- Work request -
The lines to repeat are those below from the one containing "パワーポイントで文字情報を図式化(体系図)" down to the one containing "Shadow Health Endocrine", both included; reproduce them exactly and nothing else.

- Exercise material -
###

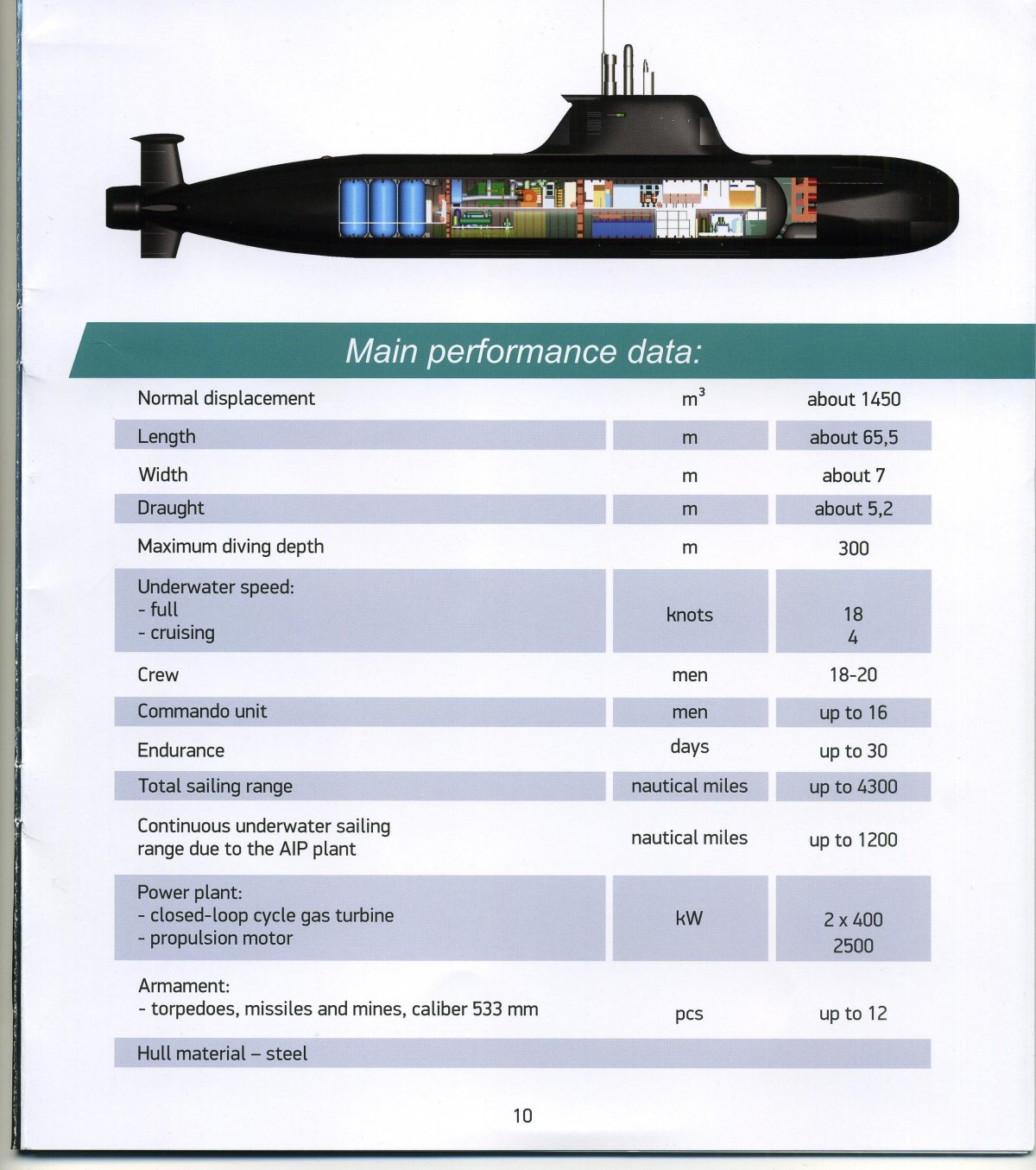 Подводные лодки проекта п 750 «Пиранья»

###

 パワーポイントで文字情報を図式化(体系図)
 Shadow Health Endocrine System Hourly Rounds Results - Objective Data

###

- Answer to the problem -
 パワーポイントで文字情報を図式化(体系図)
 Shadow Health Endocrine System Hourly Rounds Results - Objective Data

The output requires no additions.